With revenues at his six-employee construction business on track to jump 10 percent this year, to $2 million, Gary Desilets thought he'd be able to get credit pretty easily. As it turns out, securing financing is harder than he expected because his trade creditors—suppliers that let companies buy now and pay later—have been scrutinizing his Bristow (Va.) business more closely. In April the company that sells him concrete, lumber, and other building materials slashed his credit line from $200,000 to $20,000, and Home Depot cut him to $8,000 from $20,000. "Our mistake was believing the hype about not worrying about your debt as long as you can service it," Desilets says. "That's a bunch of hooey unless you're a big company with a lot of resources."

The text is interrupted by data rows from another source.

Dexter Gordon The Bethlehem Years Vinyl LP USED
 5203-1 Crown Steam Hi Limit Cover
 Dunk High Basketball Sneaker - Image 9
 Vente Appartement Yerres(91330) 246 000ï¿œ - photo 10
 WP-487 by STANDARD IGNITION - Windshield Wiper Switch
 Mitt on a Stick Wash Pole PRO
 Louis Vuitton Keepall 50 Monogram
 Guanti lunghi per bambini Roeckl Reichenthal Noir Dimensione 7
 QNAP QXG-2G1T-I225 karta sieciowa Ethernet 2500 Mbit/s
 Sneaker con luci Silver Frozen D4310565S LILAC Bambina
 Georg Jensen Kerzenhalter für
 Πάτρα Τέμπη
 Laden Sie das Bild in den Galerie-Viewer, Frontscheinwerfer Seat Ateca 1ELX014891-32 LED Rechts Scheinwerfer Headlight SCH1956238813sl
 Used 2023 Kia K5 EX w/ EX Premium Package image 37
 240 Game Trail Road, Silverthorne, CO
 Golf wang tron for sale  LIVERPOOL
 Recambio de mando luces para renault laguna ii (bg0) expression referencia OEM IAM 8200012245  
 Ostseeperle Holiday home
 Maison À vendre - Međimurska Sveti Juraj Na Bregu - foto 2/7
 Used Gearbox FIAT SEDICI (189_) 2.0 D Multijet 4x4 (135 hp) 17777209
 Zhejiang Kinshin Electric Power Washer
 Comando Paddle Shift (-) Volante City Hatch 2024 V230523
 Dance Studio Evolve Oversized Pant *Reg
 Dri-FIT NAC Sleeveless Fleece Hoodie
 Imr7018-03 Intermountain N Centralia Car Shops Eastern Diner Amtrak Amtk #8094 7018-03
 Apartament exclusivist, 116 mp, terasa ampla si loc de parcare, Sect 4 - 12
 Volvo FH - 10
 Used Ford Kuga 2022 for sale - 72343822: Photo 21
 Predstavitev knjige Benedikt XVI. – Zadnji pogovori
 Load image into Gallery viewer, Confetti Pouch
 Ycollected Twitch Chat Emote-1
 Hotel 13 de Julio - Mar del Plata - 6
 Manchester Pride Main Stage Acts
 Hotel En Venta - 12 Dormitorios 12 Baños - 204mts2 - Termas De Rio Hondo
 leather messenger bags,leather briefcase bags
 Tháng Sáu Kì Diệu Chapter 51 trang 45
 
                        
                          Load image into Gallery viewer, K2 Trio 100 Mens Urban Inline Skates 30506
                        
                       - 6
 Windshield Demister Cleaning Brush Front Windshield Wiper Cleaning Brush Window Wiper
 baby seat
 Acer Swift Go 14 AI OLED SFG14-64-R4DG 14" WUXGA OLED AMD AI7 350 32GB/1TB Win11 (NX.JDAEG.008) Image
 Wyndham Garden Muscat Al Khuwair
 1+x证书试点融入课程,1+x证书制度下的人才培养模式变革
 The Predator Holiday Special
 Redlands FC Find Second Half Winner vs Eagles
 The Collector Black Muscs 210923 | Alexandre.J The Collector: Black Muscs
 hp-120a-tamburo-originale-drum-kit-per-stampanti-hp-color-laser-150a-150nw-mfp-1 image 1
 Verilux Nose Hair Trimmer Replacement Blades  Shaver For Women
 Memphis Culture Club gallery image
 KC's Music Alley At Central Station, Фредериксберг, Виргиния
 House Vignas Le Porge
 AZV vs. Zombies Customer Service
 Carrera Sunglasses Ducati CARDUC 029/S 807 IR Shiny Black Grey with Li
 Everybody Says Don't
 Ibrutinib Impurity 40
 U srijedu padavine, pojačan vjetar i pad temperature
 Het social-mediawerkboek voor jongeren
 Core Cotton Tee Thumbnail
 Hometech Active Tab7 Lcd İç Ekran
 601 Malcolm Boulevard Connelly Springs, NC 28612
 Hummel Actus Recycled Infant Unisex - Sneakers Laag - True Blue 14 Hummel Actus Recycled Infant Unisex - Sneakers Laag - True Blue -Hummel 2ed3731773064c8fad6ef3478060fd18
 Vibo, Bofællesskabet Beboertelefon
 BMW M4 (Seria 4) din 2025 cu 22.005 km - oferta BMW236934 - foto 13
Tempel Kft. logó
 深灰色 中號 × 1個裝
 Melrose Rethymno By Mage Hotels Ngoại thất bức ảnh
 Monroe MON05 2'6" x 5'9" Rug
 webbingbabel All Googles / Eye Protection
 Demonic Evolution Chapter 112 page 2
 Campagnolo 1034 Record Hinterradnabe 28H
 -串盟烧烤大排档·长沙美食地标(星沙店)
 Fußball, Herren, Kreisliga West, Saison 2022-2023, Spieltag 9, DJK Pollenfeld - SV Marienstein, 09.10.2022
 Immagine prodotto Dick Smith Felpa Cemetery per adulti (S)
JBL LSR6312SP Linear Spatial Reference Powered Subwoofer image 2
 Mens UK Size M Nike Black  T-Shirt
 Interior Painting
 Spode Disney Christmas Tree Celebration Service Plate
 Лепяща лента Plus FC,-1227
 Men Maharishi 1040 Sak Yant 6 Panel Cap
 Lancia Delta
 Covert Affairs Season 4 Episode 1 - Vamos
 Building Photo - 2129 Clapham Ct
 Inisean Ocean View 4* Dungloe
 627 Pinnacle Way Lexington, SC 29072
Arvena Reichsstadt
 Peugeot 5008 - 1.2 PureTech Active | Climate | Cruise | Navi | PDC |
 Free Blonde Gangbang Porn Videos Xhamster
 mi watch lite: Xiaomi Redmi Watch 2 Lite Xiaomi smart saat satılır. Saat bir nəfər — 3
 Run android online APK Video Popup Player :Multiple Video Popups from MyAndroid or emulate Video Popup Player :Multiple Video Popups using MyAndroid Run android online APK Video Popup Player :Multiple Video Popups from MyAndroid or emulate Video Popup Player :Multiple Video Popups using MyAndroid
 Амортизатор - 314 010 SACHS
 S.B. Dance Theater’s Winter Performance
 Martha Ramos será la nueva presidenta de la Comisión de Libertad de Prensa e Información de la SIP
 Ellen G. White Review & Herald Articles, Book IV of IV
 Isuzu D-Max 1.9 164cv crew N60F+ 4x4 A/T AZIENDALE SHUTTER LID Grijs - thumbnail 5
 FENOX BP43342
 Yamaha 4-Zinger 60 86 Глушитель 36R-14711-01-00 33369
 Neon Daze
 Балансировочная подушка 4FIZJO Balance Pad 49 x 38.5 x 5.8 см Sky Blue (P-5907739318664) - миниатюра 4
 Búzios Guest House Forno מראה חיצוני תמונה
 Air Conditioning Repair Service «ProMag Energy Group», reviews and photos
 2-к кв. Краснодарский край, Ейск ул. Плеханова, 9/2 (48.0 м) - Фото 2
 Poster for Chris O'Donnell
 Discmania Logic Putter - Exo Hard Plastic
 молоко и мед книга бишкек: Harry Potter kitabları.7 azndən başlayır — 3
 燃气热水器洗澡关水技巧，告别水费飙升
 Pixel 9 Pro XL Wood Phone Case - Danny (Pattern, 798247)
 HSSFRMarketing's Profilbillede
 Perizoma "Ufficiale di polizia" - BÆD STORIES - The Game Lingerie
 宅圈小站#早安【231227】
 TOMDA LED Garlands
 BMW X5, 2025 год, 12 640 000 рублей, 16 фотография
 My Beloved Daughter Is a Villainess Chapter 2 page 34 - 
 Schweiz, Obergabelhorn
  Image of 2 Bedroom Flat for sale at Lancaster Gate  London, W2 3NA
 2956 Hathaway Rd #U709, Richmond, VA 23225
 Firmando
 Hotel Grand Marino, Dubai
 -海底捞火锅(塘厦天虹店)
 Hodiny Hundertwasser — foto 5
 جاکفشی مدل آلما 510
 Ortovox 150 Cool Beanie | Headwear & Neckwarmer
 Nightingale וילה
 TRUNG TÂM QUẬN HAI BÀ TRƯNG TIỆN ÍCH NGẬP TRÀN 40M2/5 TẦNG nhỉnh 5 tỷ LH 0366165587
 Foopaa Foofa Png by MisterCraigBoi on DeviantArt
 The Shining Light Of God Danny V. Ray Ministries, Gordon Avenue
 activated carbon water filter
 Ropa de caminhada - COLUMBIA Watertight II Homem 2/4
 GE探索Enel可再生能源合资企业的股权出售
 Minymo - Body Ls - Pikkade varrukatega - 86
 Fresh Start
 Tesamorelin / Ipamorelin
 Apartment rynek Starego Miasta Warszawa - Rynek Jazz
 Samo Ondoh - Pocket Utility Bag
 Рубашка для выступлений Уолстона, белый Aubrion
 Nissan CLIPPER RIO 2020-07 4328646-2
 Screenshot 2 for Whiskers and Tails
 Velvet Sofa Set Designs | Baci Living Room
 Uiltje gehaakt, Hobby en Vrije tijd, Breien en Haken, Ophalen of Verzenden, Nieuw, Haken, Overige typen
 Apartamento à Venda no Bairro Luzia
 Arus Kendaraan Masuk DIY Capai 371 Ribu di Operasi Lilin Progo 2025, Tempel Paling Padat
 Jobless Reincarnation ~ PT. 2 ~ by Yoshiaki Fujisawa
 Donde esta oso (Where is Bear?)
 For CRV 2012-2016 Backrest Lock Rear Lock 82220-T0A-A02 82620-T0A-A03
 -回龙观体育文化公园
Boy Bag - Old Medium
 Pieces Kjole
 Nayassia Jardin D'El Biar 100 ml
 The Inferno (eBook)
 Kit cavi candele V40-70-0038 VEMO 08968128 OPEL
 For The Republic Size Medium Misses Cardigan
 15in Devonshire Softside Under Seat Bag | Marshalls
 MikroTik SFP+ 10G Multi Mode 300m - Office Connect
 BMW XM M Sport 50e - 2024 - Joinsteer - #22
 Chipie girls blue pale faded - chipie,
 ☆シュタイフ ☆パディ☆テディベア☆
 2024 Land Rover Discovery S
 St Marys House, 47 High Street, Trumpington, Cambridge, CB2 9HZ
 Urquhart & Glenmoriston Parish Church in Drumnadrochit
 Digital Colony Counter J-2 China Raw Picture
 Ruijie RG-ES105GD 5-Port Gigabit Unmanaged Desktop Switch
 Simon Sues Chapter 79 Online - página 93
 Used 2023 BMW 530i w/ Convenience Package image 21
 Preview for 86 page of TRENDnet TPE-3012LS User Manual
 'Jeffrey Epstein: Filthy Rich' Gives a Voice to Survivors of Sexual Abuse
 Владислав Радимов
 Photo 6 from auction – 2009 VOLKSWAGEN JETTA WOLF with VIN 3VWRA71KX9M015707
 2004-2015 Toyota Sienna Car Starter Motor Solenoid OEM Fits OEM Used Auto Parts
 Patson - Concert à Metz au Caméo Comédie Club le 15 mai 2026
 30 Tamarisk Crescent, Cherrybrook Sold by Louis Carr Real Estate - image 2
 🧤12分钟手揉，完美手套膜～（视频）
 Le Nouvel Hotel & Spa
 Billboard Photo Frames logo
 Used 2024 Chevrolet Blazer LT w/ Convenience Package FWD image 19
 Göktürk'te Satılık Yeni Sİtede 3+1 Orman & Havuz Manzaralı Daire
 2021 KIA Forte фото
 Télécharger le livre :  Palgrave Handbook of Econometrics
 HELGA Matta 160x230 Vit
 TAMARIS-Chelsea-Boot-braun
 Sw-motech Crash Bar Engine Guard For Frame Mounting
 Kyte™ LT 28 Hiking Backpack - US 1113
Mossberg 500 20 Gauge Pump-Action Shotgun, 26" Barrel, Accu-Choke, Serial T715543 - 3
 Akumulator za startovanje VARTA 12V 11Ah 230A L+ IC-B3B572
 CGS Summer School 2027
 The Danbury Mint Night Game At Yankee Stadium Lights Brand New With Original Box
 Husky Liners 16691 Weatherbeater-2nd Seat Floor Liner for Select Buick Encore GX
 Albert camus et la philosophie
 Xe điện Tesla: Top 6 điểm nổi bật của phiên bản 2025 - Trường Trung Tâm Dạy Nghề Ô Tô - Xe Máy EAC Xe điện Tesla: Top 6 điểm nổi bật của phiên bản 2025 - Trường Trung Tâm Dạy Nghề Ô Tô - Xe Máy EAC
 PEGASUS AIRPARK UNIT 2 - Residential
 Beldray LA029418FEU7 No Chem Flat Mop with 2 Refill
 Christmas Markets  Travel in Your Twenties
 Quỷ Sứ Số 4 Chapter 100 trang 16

Only about 20 percent of the short-term credit for small businesses comes from banks. Suppliers make up most of the rest, according to the Credit Research Foundation, a trade group in Columbia, Md. Now with banks choking off credit, many small companies are pressing vendors for more time to pay their bills, in effect asking for a loan to tide them over until they get paid by their clients. "Small businesses have been forced to reach out to trade creditors and begin to utilize them as bankers," says Lyle P. Wallis, vice-president of the Credit Research Foundation.
To make sure they don't get stiffed, trade creditors are taking a closer look at customers that ask for credit. They are using sophisticated risk analysis to ferret out and cut off customers who are least likely to pay their bills. Wallis estimates that over the past 18 months trade creditors have doubled their use of scoring tools such as credit reports from Dun & Bradstreet and Experian. PredictiveMetrics, a firm that advises trade creditors on risk, has seen client inquiries triple over the past three years.